Parenting isn't an easy path, and it's not a choice that should be made lightly, but one thing that makes it infinitely harder is this persistent, pervasive belief in the US that kids don't belong in public spaces.

You see examples of this all the time. People complain about kids on airplanes, in restaurants, in stores, at the movies and in comment sections, you'll see people "joke" that the only kid-friendly spaces are at their own homes.

In the comment section of an Eater article posted today, you see this playing out in real time.

Note - this is allegedly a joke, but it's a joke in poor taste and it's not a joke for so many people. There are people that get legitimately upset when they see kids or hear kids, and it's not just boomers.

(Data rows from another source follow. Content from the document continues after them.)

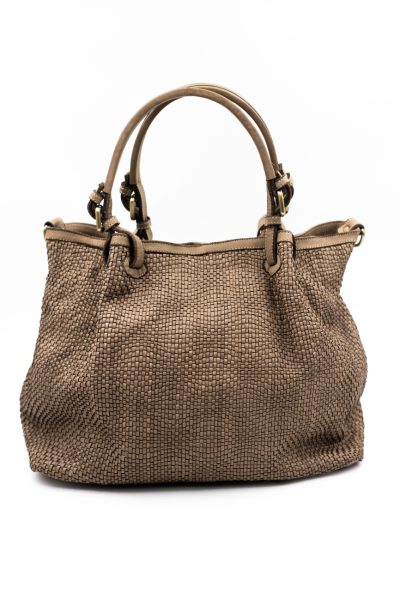 Torba drobna plecionka rączka sprzączka – Fango, Duży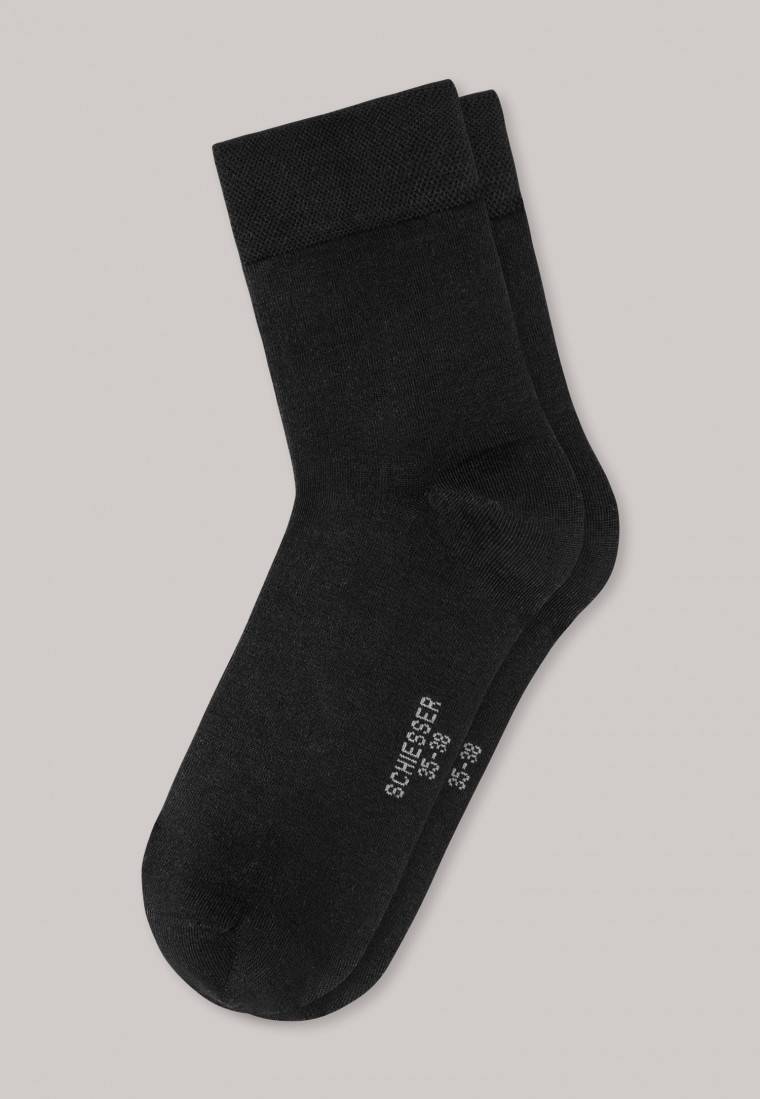 Schiesser Damensocken schwarz - selected! premium Bis zu 60% Rabatt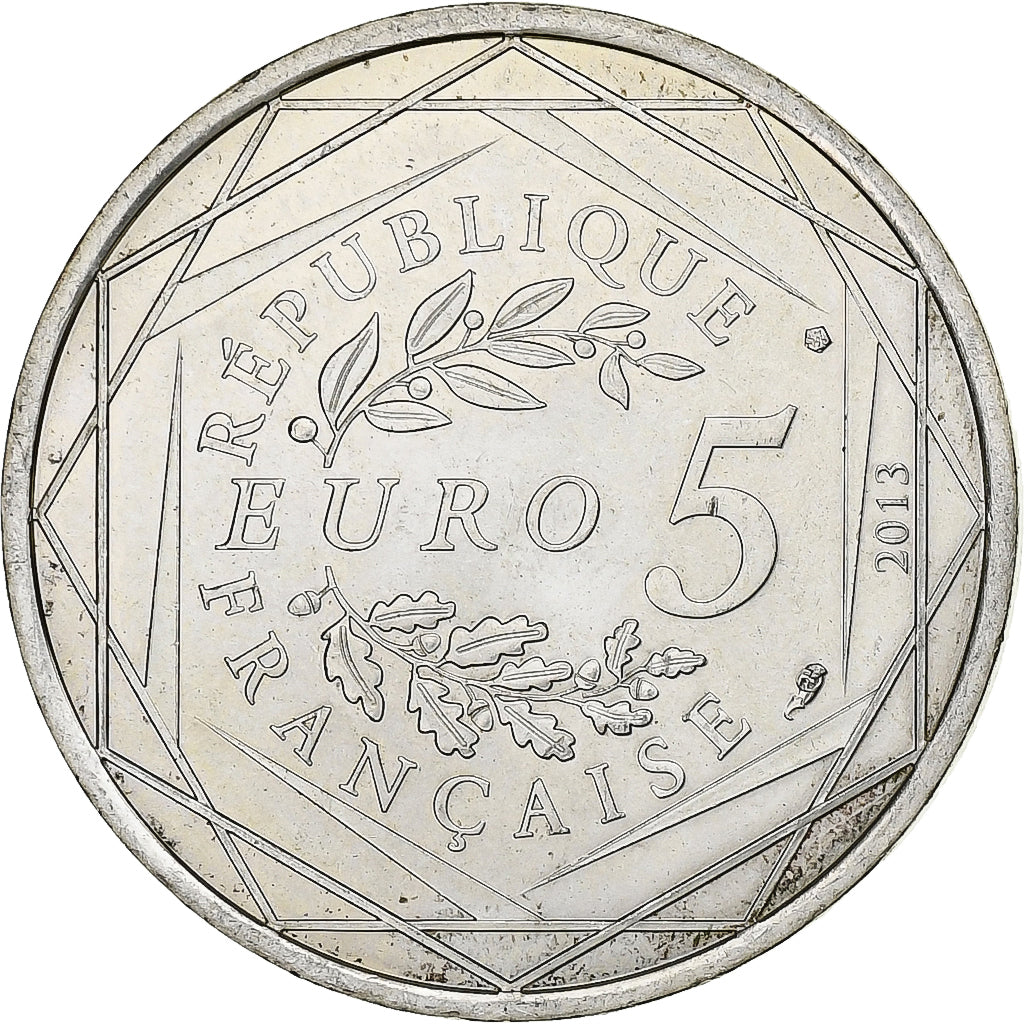 France, 5 Euro, Fraternité, 2013, Paris, Silver, MS(60-62)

This thinking contributes to parents and kids being treated like garbage when they're in public, often for the crime of simply being parents and kids. It's gross and damaging to both groups.

Thankfully there were many people that responded to this "joke" saying basically what this post will: that kids are people that deserve to be treated with respect and kindness.

Parents understand more than most, and more than you'd think, just how irritating a kid's whining, crying, and mess-making can be, but the thing that we, as a culture, need to do a better job remembering is that they're children. They've been on the earth for maybe a couple of years and are still figuring out how to be people. Yes, the crying and mess-making is irritating, and yes, parents need to be the ones to step in and do what they can do help their kid navigate a stressful situation and in the case of mess-making, help clean as much as is reasonable.

Of course, not all parents do this, not all parents do a good job of this, and there aren't very many support systems in place that enable the kind of parenting that allows for a good job of this.

But what is absolutely not helpful is dirty looks, judgment, and frustration and the kid expressing age and developmentally appropriate behaviors. Much like people who scream in traffic or at servers or at employees, small children do not know how to regulate their emotions. They don't know how to feel anger and frustration -- it's a massively big feeling that they're feeling for some of the first times in their lives -- and they certainly don't know how to emotionally regulate to what you deem (as an adult!) is a "functional level," especially not quickly.

But unlike the adults who scream in situations that do not require screaming (most!), children can, and are learning to function in society.

What they, and their parents need, is support. Support comes in many forms. Here are a few of my favorites:

  • Minding your own goddamn business.

  • Offering a kind look.

  • Getting the door.

  • Practicing patience and self regulation when a crying child interrupts your day (deep breaths and mantras work great, parents are doing them too).

  • Getting the fuck over yourself. You'll survive a few minutes of crying, the parents are working on it and so is the kid.

We all want peace and quiet and spaces that are welcoming. Sometimes kids interrupt peace. Sometimes adults interrupt the peace. Kids are fucking people too and we need to grow up and realize that. Kids deserve respect, kindness, and spaces to be children.

Not all bars or breweries are welcoming to kids, not all parks are welcoming to adults, but we need more places that welcome parents and kids so we can build the community many of us crave so deeply.

When we exclude kids, we exclude mothers, which excludes women, which upholds the patriarchy even more. Is that really the world we want to create?

Get the fuck over yourself, be kind to kids, treat them like people. It's really not that hard.